When she gave evidence at Leicester crown court, 46-year-old Ansreen Bukhari described how her daughter’s fame on TikTok had completely transformed her life.
“When I got married I was like a housewife, but with this TikTok thing I was going out more. It was like two different lives,” she said. “It was more excitement. We were out and meeting people and stuff.”
Born in Pakistan, she moved to the UK as a baby and had ambitions of becoming a flight attendant, but her parents prevented her from going to college.
Her daughter, Mahek, who has 128,000 followers on TikTok, where she publishes beauty and lifestyle content, told the court how she would take her mother along to events and parties she was invited to, saying: “She’s like a sister to me, we’re best friends, and I know I could only trust her for anything. That’s the reason I would take her.”
In one video on Mahek’s TikTok channel, the pair can be seen doing a synchronised dance routine under the caption: “Having an elite relationship with your mum >>>”.
It was off the back of this new world of parties and popularity that Ansreen and her daughter ended up embroiled in a web of lies, and ultimately part of a plot to murder two young men who were killed in a fireball when their car was driven off the road.

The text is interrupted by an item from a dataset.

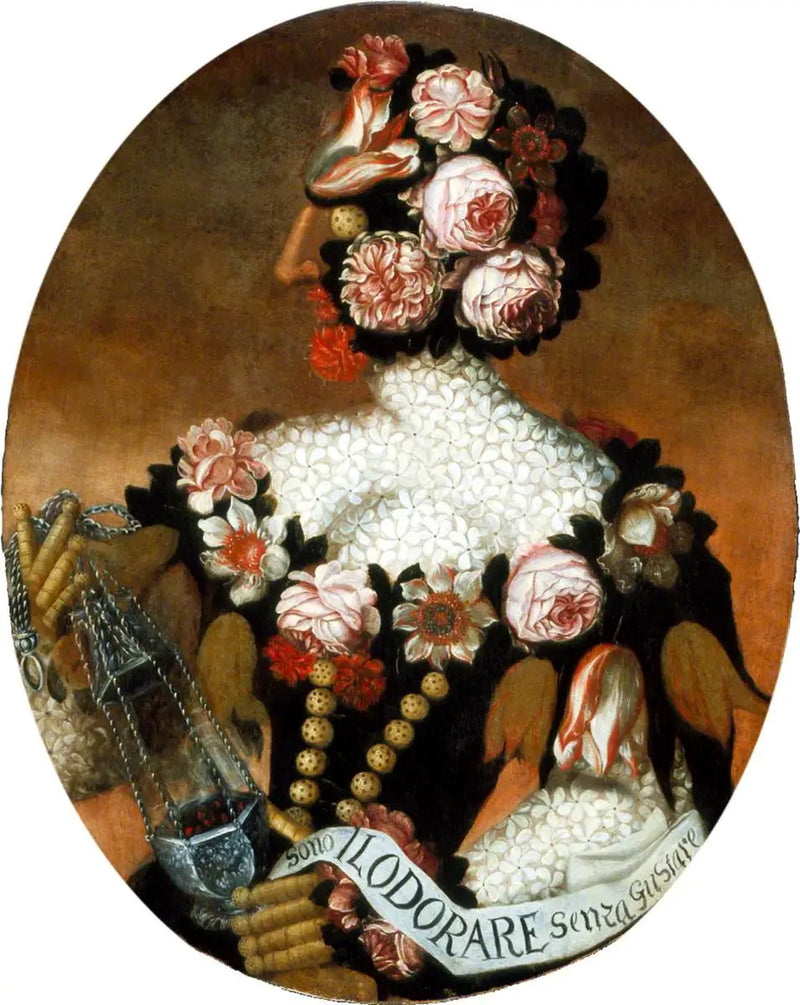 De Geur van de Reukzin - Giuseppe Arcimboldo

One of the victims was Saqib Hussain, 21, who met Ansreen online about three years before his death – he was then 18, but he lied and told her he was 27.

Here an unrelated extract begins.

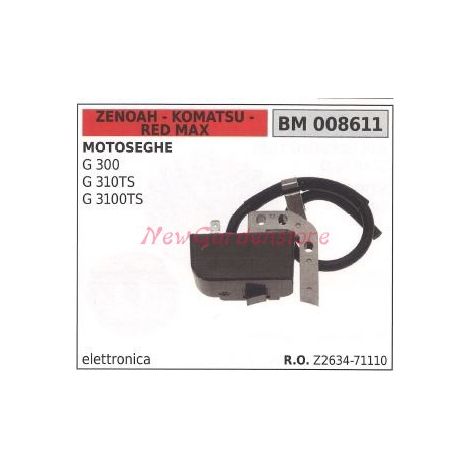 Bobina de encendido para motosierra ZENOAH G 300 310TS 3100TS 008611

The pair began a sexual relationship, meeting up in hotels in Birmingham and London, and he would frequently send gifts to the house where she lived with her husband, her son and Mahek.
When the case first went to trial in 2022, before it was abandoned due to a “jury irregularity”, Ansreen claimed her relationship with Hussain was a one-off mistake.
However, before the retrial, police were able to access Hussain’s iCloud account and discovered photos and videos proving the pair had met multiple times over several years. Ansreen said she had lied previously to try to protect her marriage.
She claimed that she had tried to end the relationship multiple times, but that Hussain would not accept her decision, and threatened to expose their affair to her husband and son with intimate photos and videos.
Mahek said she had been upset and angry with her mother when she found out about the affair. She had a strong personal dislike of Hussain, claiming that at one point he had posted images online of her face superimposed on a naked body.
“He was a manipulative person and he was just pure nasty,” she told the court, adding that he was “basically narcissistic” and “a stalker”.
The court was read an extract of dozens of messages Hussain sent to Ansreen before his death, in which he repeatedly threatened to come to her house, and said things such as “you’re pissing me off more and more by ignoring me”, “I will do something you’re gonna regret” and “I’m a crazy bastard”.
Messages show Hussain was demanding a sum of £3,000 he claimed he had spent on Ansreen over the course of their relationship. Mahek contacted her longtime friend Rekan Karwan, she claimed, to sort out the money.
The prosecution alleged the group actually concocted a plot to kill or seriously injure Hussain, luring him to a Tesco car park in Leicester late at night where Karwan and his friends waited wearing balaclavas and carrying at least one weapon: a wheel brace.
The plan went wrong when Hussain, driven by his friend Mohammed Hashim Ijazuddin, 21, suspected something was up and drove off, closely pursued by two cars containing Mahek, Ansreen, Karwan and five others drafted in to help.
Driving out of Leicester, the cars reached speeds of up to 100mph before Hussain’s car was shunted off the road, hitting a tree and bursting into flames.
Ansreen and Mahek both stuck to the story that the car had simply lost control, and that they had been pursuing Hussain in hope that he would agree to sit down and talk to them.
But it was clear that the group had worked together after the crash to hide their involvement. When police came to the Bukhari family home to make arrests, Mahek told them she and her mother had driven to Nottingham, not Leicester.
She lied to police about her phone password so they were unable to access her messages, but she sent a message to her mother in which she said Karwan had instructed them to tell police they were the only two people in the car at the time.
It was these lies that led to the pair becoming unstuck and ultimately convicted of murder alongside their accomplices.